What is needed: Restate word for word the lines that begin the listing and end with the line holding "Guilloche style blank".
* * * * *
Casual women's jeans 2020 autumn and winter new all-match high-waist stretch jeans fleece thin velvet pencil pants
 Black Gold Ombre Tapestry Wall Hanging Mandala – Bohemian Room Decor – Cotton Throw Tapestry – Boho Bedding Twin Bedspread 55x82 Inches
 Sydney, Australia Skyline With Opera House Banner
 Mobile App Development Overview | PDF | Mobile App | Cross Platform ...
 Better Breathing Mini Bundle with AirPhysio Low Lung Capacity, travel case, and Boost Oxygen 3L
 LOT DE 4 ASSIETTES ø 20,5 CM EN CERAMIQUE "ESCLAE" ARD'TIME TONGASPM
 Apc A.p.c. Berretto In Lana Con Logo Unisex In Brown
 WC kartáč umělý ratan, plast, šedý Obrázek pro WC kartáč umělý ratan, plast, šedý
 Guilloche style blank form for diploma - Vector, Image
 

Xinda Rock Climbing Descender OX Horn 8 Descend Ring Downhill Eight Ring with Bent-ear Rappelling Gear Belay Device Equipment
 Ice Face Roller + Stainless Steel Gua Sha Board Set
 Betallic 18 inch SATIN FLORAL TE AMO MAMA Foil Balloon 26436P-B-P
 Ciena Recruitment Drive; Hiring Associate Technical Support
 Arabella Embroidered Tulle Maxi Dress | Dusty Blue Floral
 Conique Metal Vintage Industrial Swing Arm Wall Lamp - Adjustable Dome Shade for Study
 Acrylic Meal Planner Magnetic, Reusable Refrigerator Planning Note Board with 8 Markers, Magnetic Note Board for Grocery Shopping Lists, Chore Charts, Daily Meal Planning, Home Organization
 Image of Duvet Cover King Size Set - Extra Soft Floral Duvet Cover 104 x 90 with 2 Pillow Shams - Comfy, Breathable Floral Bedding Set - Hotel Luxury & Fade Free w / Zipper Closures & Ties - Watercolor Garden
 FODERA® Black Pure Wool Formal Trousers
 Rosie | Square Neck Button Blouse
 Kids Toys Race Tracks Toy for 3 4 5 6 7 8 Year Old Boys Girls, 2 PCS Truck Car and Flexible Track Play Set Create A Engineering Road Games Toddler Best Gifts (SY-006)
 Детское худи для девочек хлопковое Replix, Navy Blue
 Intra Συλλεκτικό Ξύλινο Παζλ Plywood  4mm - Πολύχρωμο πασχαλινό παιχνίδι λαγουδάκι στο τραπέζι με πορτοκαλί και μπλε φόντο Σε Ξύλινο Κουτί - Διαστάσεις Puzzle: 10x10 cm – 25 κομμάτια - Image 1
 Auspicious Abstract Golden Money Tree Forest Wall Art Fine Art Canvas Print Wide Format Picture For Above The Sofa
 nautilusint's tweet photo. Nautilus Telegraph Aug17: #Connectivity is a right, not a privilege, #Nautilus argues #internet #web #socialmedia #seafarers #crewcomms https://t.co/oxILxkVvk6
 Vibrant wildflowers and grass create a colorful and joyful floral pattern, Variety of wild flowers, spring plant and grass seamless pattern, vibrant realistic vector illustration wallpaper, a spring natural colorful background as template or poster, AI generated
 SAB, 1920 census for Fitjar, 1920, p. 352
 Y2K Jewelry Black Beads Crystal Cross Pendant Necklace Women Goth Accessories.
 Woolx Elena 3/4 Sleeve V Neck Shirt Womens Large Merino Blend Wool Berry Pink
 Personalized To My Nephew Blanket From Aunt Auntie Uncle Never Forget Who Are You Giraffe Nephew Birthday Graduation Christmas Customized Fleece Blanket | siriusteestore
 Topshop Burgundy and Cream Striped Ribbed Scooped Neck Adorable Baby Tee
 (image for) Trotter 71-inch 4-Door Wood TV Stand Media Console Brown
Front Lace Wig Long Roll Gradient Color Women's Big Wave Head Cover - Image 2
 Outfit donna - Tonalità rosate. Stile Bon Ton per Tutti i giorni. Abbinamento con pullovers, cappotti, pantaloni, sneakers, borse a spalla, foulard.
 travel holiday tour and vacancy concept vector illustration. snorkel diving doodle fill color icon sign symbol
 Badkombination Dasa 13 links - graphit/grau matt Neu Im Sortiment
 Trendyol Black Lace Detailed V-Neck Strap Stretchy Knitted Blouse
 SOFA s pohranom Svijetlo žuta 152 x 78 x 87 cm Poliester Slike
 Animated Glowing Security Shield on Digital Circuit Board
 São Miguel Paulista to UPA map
* * * * *
Finished task:
Casual women's jeans 2020 autumn and winter new all-match high-waist stretch jeans fleece thin velvet pencil pants
 Black Gold Ombre Tapestry Wall Hanging Mandala – Bohemian Room Decor – Cotton Throw Tapestry – Boho Bedding Twin Bedspread 55x82 Inches
 Sydney, Australia Skyline With Opera House Banner
 Mobile App Development Overview | PDF | Mobile App | Cross Platform ...
 Better Breathing Mini Bundle with AirPhysio Low Lung Capacity, travel case, and Boost Oxygen 3L
 LOT DE 4 ASSIETTES ø 20,5 CM EN CERAMIQUE "ESCLAE" ARD'TIME TONGASPM
 Apc A.p.c. Berretto In Lana Con Logo Unisex In Brown
 WC kartáč umělý ratan, plast, šedý Obrázek pro WC kartáč umělý ratan, plast, šedý
 Guilloche style blank form for diploma - Vector, Image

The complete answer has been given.